Brief
Output, exactly as written, the lines below from the one that has "Camisa Top Rachel" through the one that has "166 - Decorative"; nothing else, and no pictures.

Exercise input
□ □ □

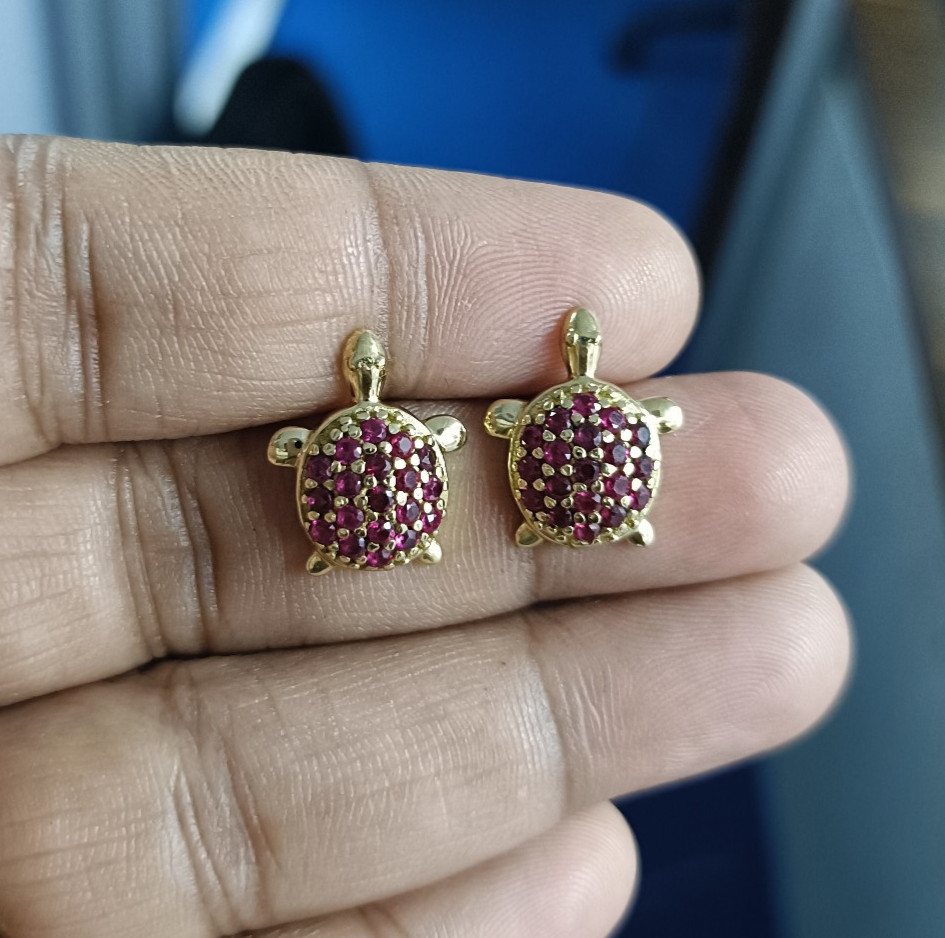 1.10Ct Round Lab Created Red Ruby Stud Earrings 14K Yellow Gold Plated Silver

□ □ □

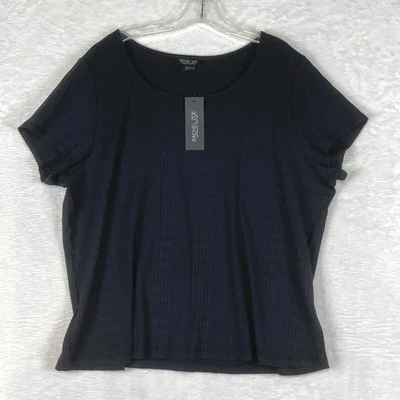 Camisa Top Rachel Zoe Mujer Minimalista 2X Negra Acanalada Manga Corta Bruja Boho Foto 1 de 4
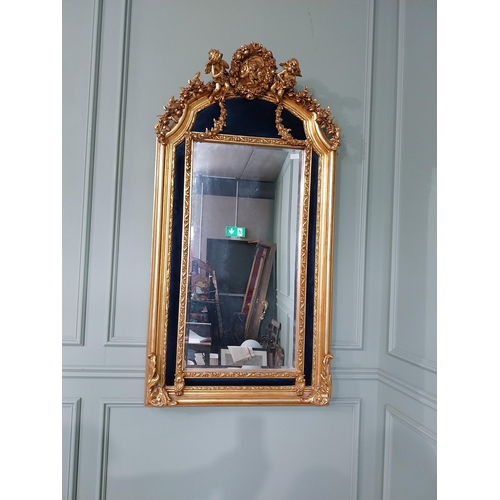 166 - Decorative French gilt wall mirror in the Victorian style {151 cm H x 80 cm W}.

□ □ □

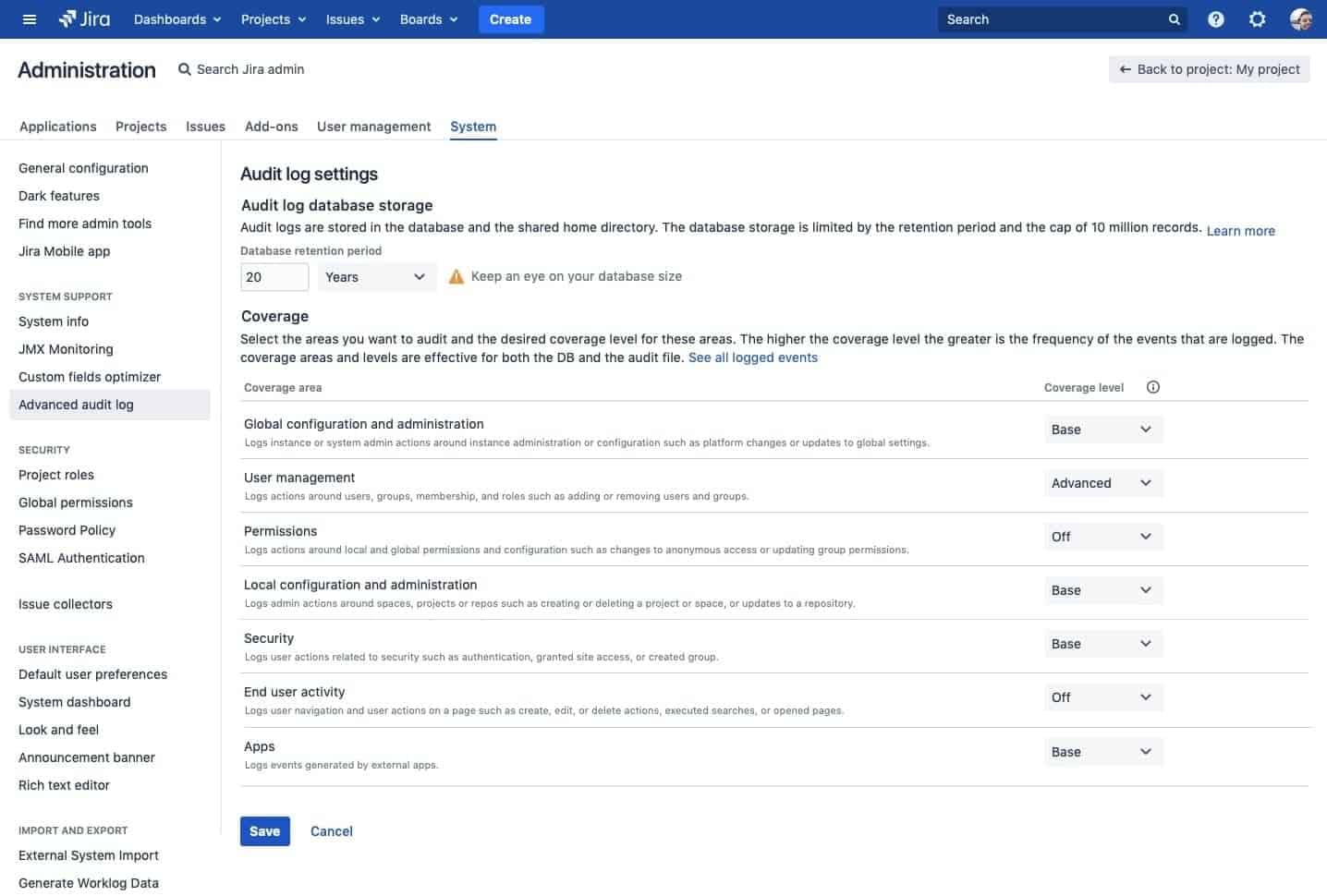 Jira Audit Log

□ □ □

Result for this exercise
 Camisa Top Rachel Zoe Mujer Minimalista 2X Negra Acanalada Manga Corta Bruja Boho Foto 1 de 4
 166 - Decorative French gilt wall mirror in the Victorian style {151 cm H x 80 cm W}.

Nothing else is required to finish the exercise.